[SOURCE INFORMATION — start]

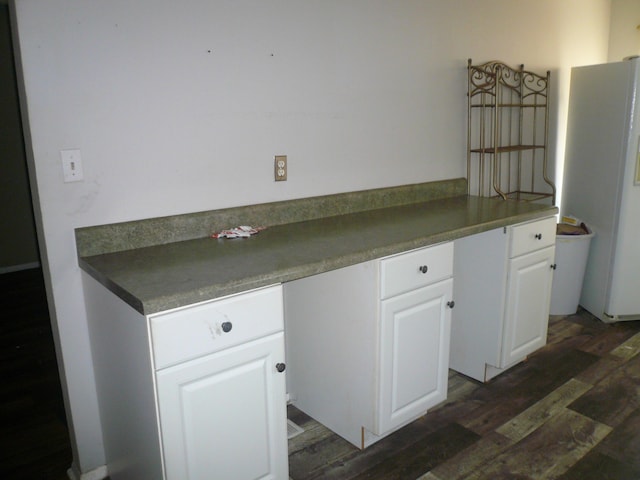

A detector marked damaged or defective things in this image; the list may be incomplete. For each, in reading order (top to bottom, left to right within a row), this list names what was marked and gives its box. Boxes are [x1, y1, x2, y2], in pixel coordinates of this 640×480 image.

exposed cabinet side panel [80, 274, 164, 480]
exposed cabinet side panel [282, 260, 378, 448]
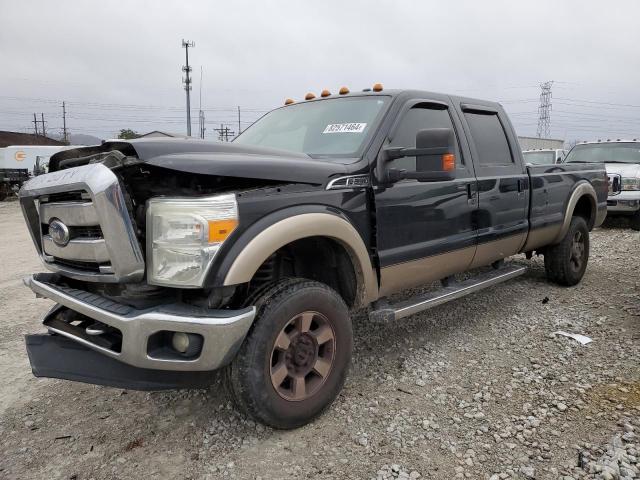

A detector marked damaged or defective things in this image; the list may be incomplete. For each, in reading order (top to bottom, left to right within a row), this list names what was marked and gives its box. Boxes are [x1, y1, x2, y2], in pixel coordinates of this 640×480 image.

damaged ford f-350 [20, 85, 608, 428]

[SOURCE INFORMATION — finish]

→ **WHAT TO PRODUCE**
Type out all the records verbatim, minus images.

→ **COMPLETED EXERCISE**
A detector marked damaged or defective things in this image; the list may be incomplete. For each, in reading order (top to bottom, left to right within a row), this list names what was marked and gives its box. Boxes are [x1, y1, x2, y2], in pixel coordinates of this 640×480 image.

exposed cabinet side panel [80, 274, 164, 480]
exposed cabinet side panel [282, 260, 378, 448]

A detector marked damaged or defective things in this image; the list may be incomplete. For each, in reading order (top to bottom, left to right within a row), this list names what was marked and gives its box. Boxes are [x1, y1, x2, y2], in pixel coordinates of this 640×480 image.

damaged ford f-350 [20, 85, 608, 428]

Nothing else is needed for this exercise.